▶ **TASK ITEM**: Would you transcribe only the lines below, from the one containing "Фотографии LEGO Speed" through the end of the material, exactly and with no pictures?

▶ **MATERIAL FOR THE TASK**:

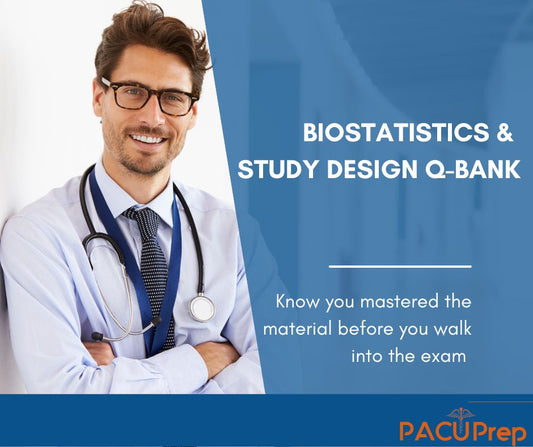 PACUPrep Biostatistics & Study Design Q-Bank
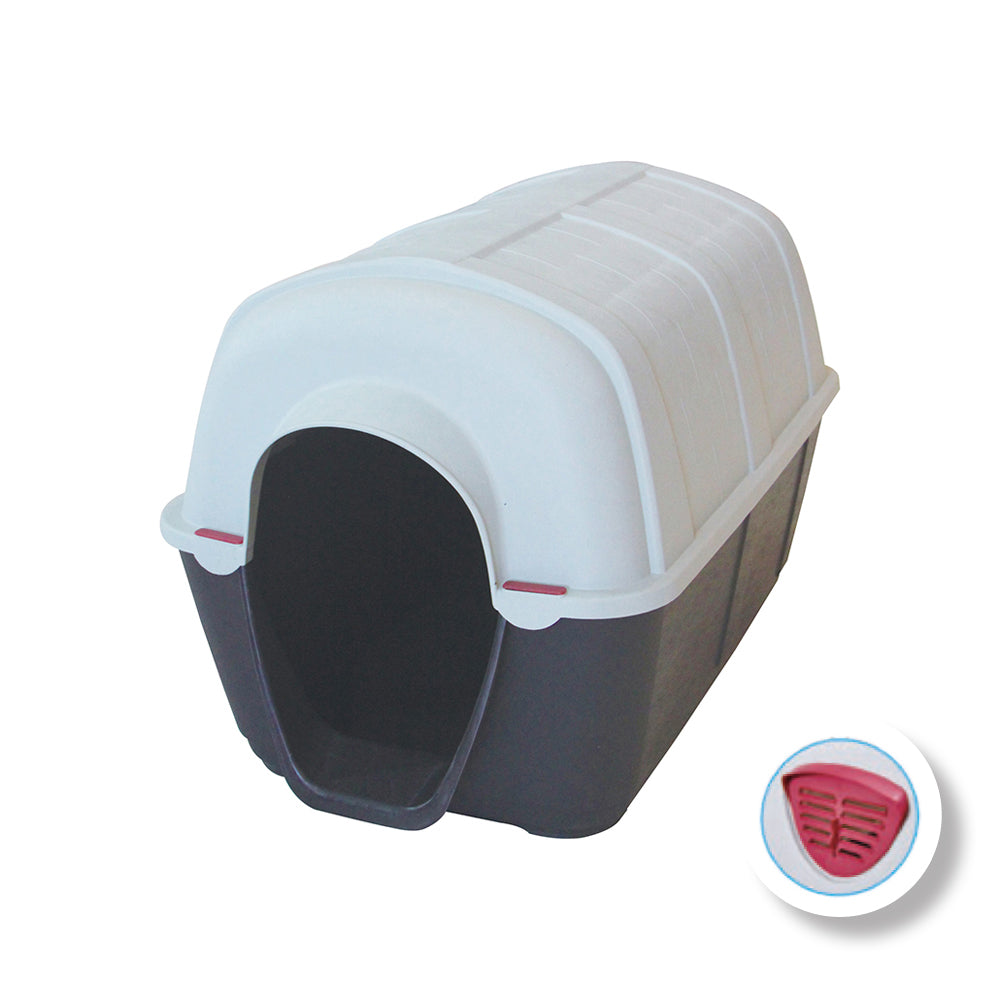 GLEE DOG HOUSE OLYMPUS  BLACK- WHITE L69.5 x W44 x H44cm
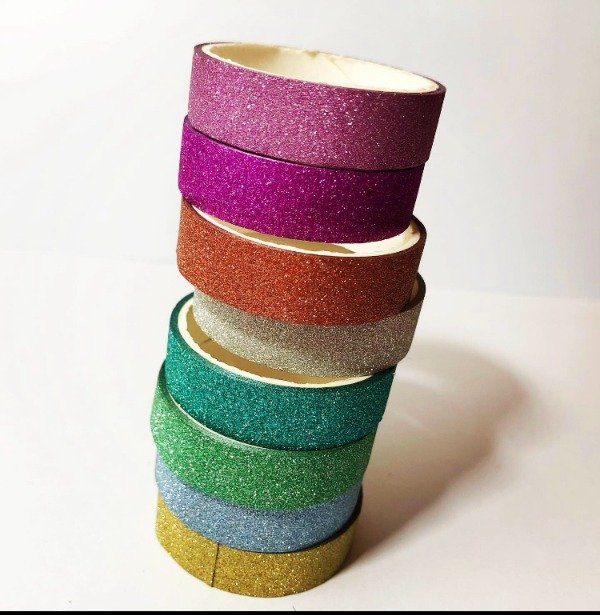 Producto - Washi tapes con glitter finas x4
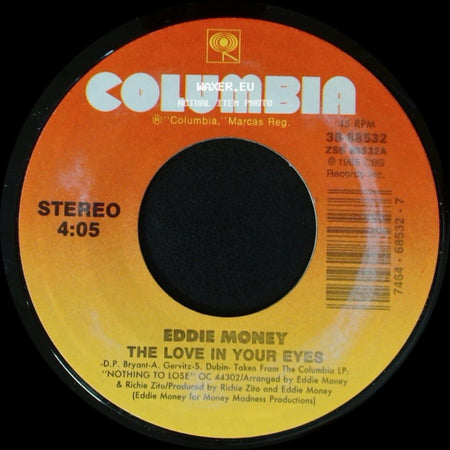 Eddie Money - Bad Boy / The Love In Your Eyes side B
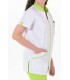 Chaqueta Cuello Mao Pistacho Pespuntes Mujer 8153887 Dyneke Lateral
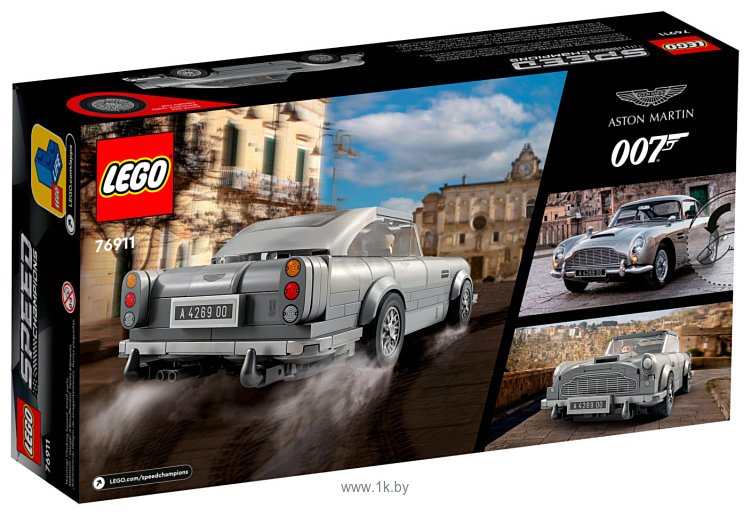 Фотографии LEGO Speed Champions 76911 Спорткар 007 Aston Martin DB5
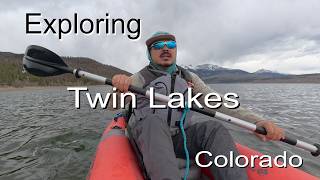 Alone in the Colorado Wilderness exploring Twin Lakes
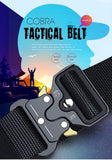 Genuine tactical belt quick release outdoor military belt soft real nylon sports accessories men's and women black belt Mart Lion   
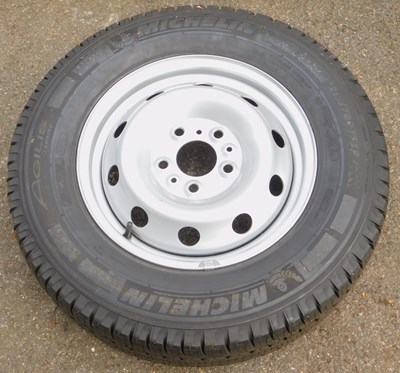 Lot 479 - A wheel from a Fiat Ducato-based motor home,...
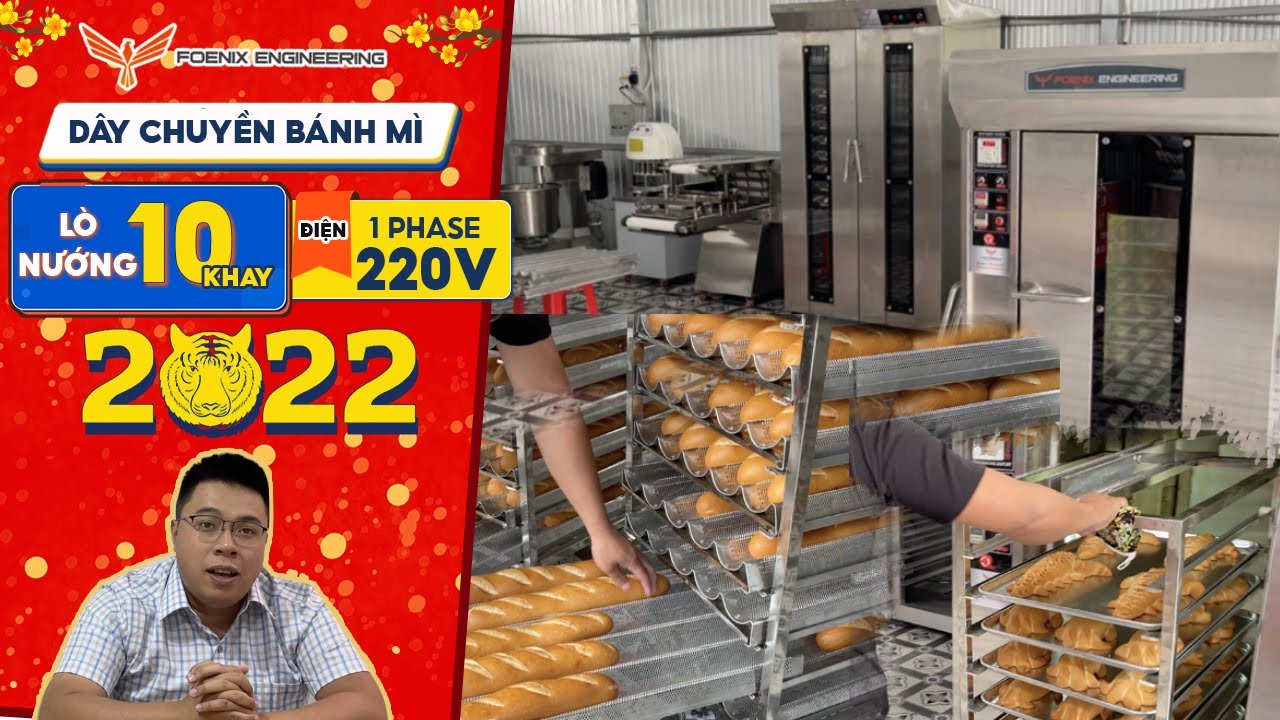 Lò Nướng Bánh Mì Tại Nhà| Các Công Đoạn Làm Ra Ổ Bánh Mì| FOENIX ENGINEERING 0789.869.756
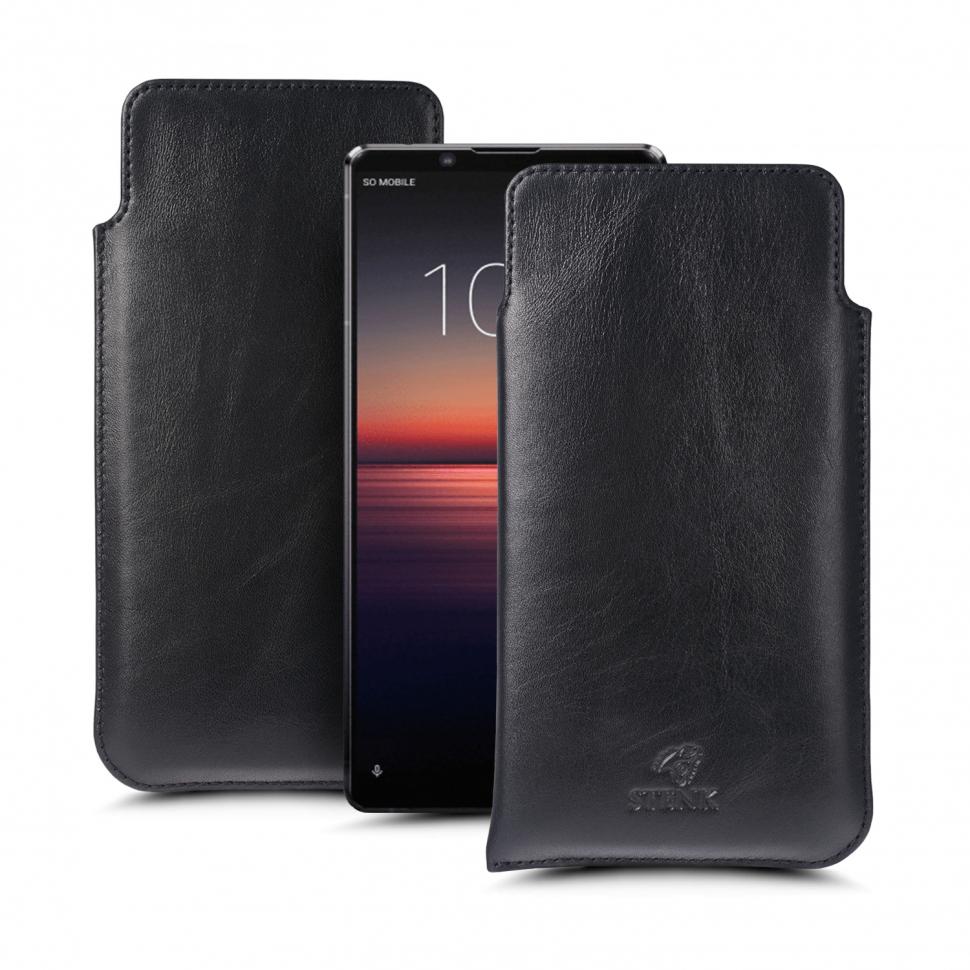 Футляр Stenk Elegance для Sony Xperia 1 II Черный (65925)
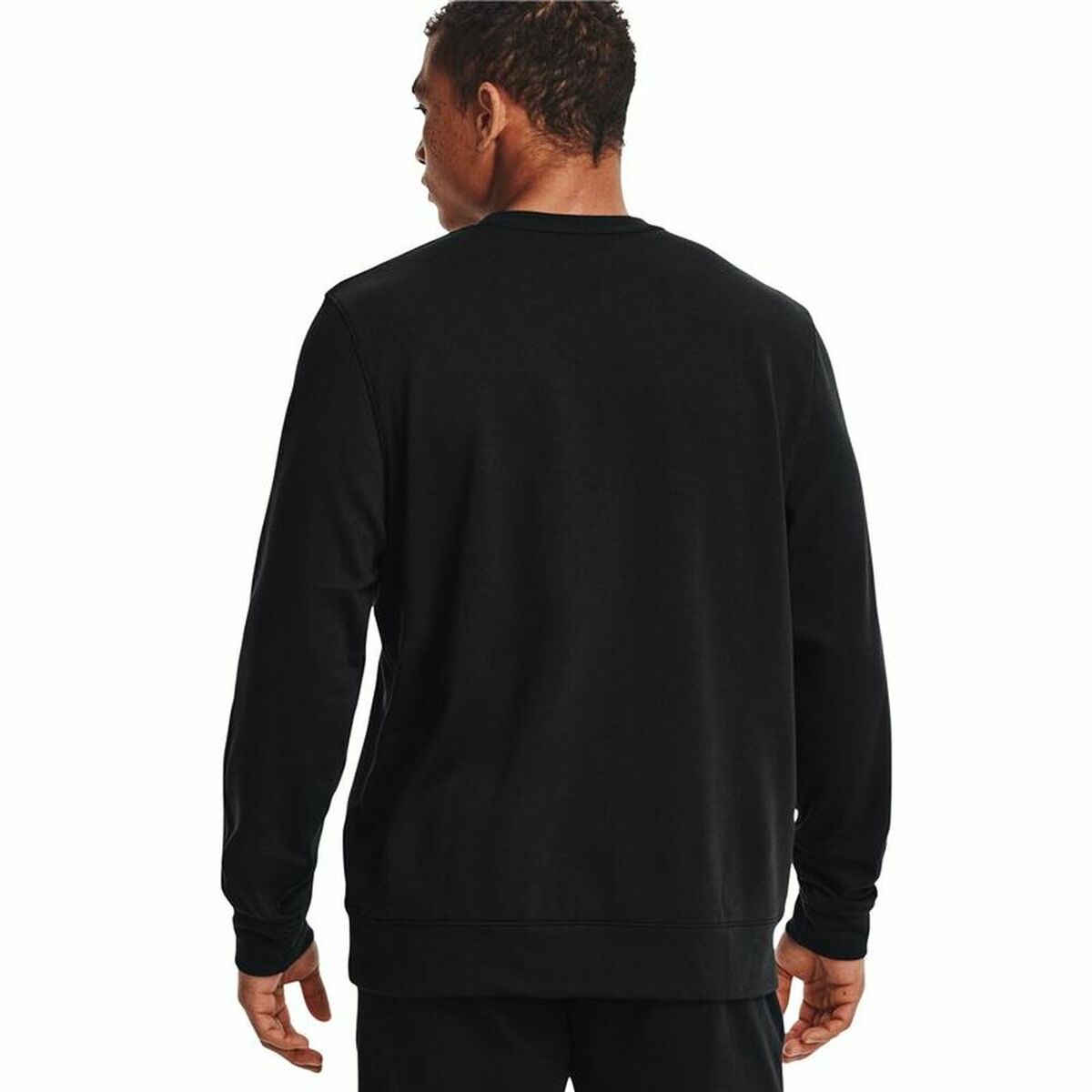 Футболка с длинным рукавом мужская Under Armour Logo Crew Чёрный-2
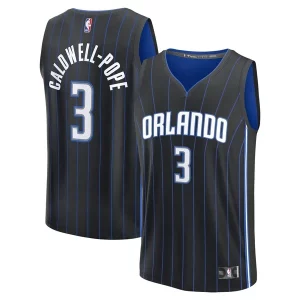 Kentavious Caldwell Pope Exceptionnel Orlando Magic Youth Fast Break Replica Player Jersey Icon Edition Black - Livraison gratuite - Économisez sur les frais d'expédition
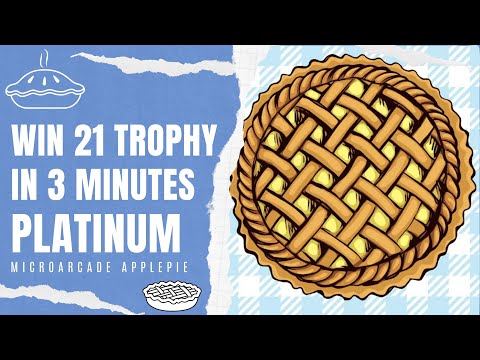 MICROARCADE APPLEPIE - %100 Walkthrough | Trophy Guide (21 Trophies / Platinum Trophy)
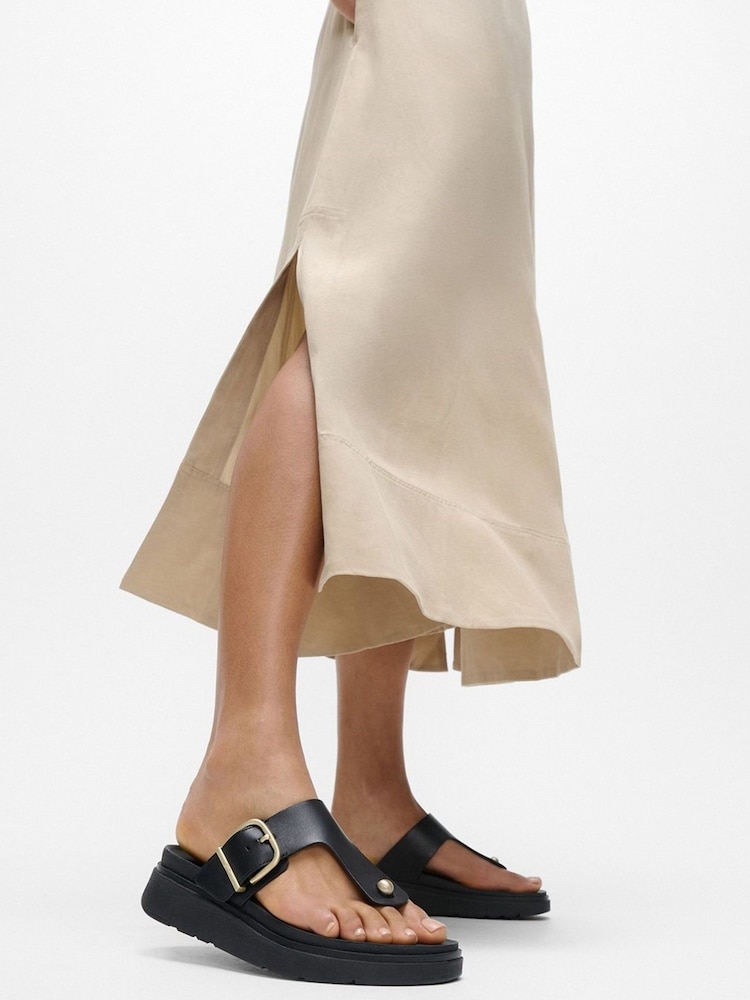 FitFlop Black Gen FF Toe Post Sandals - Image 1 of 5 FitFlop Black Gen FF Toe Post Sandals - Image 1 of 5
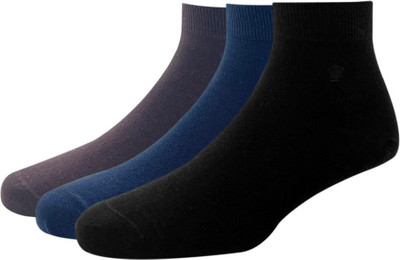 LOUIS PHILIPPE Men Solid Mid-Calf/Crew(Pack of 3)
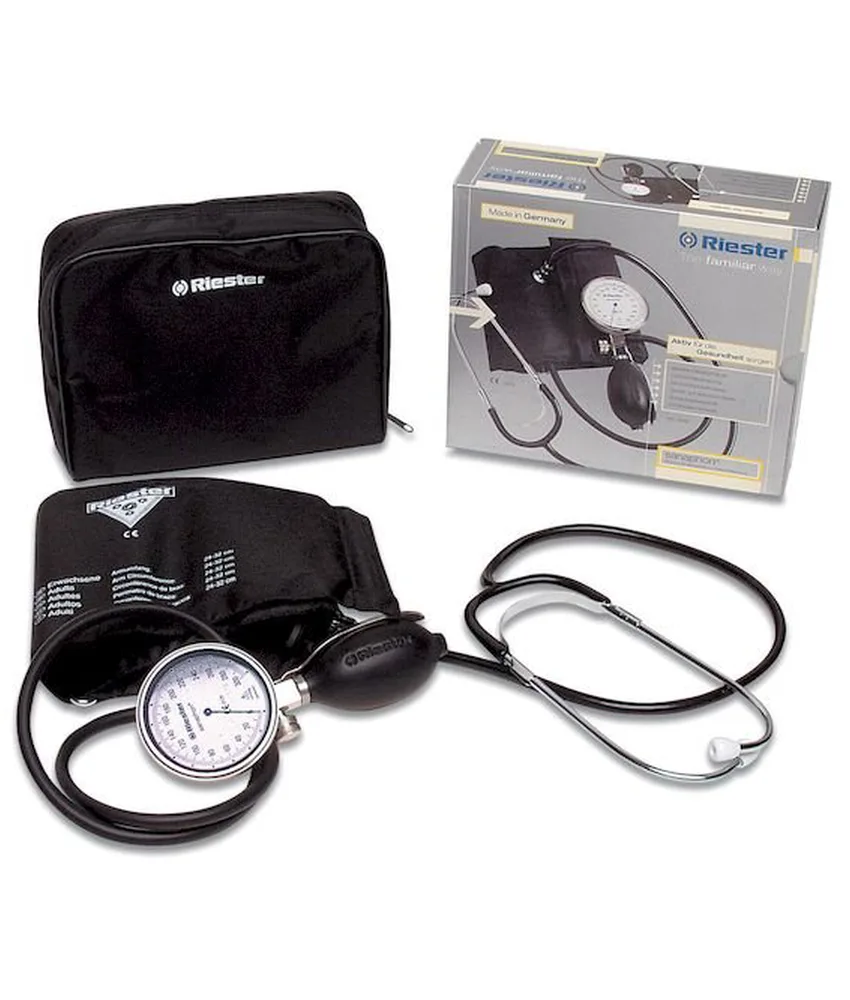 Sfigmomanometro aneroide manuale, professionale - membrana speciale in rame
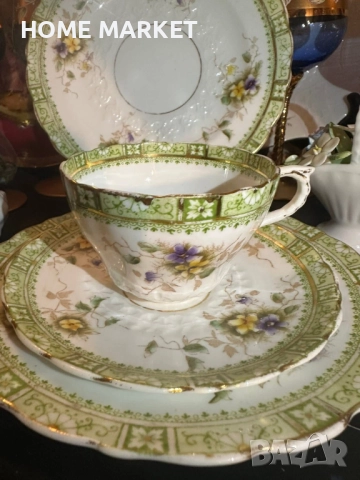 William Lowe Longton England  Circa 1874 - троен сет, мисля уникален и  с невероятна красота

▶ **TASK RESPONSE**:
 Фотографии LEGO Speed Champions 76911 Спорткар 007 Aston Martin DB5
 Alone in the Colorado Wilderness exploring Twin Lakes
 Genuine tactical belt quick release outdoor military belt soft real nylon sports accessories men's and women black belt Mart Lion   
 Lot 479 - A wheel from a Fiat Ducato-based motor home,...
 Lò Nướng Bánh Mì Tại Nhà| Các Công Đoạn Làm Ra Ổ Bánh Mì| FOENIX ENGINEERING 0789.869.756
 Футляр Stenk Elegance для Sony Xperia 1 II Черный (65925)
 Футболка с длинным рукавом мужская Under Armour Logo Crew Чёрный-2
 Kentavious Caldwell Pope Exceptionnel Orlando Magic Youth Fast Break Replica Player Jersey Icon Edition Black - Livraison gratuite - Économisez sur les frais d'expédition
 MICROARCADE APPLEPIE - %100 Walkthrough | Trophy Guide (21 Trophies / Platinum Trophy)
 FitFlop Black Gen FF Toe Post Sandals - Image 1 of 5 FitFlop Black Gen FF Toe Post Sandals - Image 1 of 5
 LOUIS PHILIPPE Men Solid Mid-Calf/Crew(Pack of 3)
 Sfigmomanometro aneroide manuale, professionale - membrana speciale in rame
 William Lowe Longton England  Circa 1874 - троен сет, мисля уникален и  с невероятна красота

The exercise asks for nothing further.